There have been contradictory positions taken between the Sunday and daily editions of the Times and the Mail.

WITH THE UK steamrolling towards Thursday’s vote on whether or not to remain in the EU, the country’s newspapers have been declaring their sides.

Britain’s right- and left-wing publications are taking a variety of positions, citing the pros and cons of staying in or leaving the union.

Rupert Murdoch-owned the Sun on Sunday, Britain’s most read Sunday, declared its support for a Brexit earlier this week in its daily edition.

Its editorial states a vote to leave would allow the country to free itself from “dictatorial Brussels”, describing the EU as ”increasingly greedy, wasteful, bullying and breathtakingly incompetent in a crisis”.

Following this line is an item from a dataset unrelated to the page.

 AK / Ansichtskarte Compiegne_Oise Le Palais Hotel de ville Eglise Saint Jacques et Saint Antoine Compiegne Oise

The Mail on Sunday, which boasts Britain’s second largest Sunday circulation, has taken the unexpected move of urging its readers to vote to remain – a contrary stance to its sister paper the Daily Mail.

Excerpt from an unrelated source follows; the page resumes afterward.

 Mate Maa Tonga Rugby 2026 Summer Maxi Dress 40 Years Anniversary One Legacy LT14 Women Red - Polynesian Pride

mail on sunday Source: Mail on Sunday

The Times in the UK and its Sunday edition have also taken contradictory positions.

In an editorial today, the Sunday edition of the paper has cited the possibility of a future EU army without a British veto as an issue.

On Friday the Times, one of the country’s most-read non-tabloids, came out in support of the remain campaign saying that it would be “the best outcome of next week’s referendum” and that it would be “a new alliance of sovereign EU nations dedicated to free trade and reform, led by Britain”.

Also on the right, the Sunday Telegraph has backed a vote to leave, saying that the campaign had “articulated an ambitious vision for Britain as an independent nation, once again free to make its own decisions”.

On the other side of the political spectrum, the Observer has today published an editorial backing the UK remaining in the EU.

In it they state that making the decision is important for “an international, liberal and open Britain” and call the EU an “idealistic undertaking, born out of a desire to never again see the continent racked by war”.

Newspapers in the UK have a tradition of declaring support during political campaigns.

In 2005 the Sun famously emitted red smoke from the chimney of its building in London, declaring its election allegiance to Labour in a stunt that mimicked the nomination process for the Pope.

Read: What will happen to the Irish border if there’s a Brexit?

Also: Husband of murdered MP: ‘We will fight against the hate that killed Jo’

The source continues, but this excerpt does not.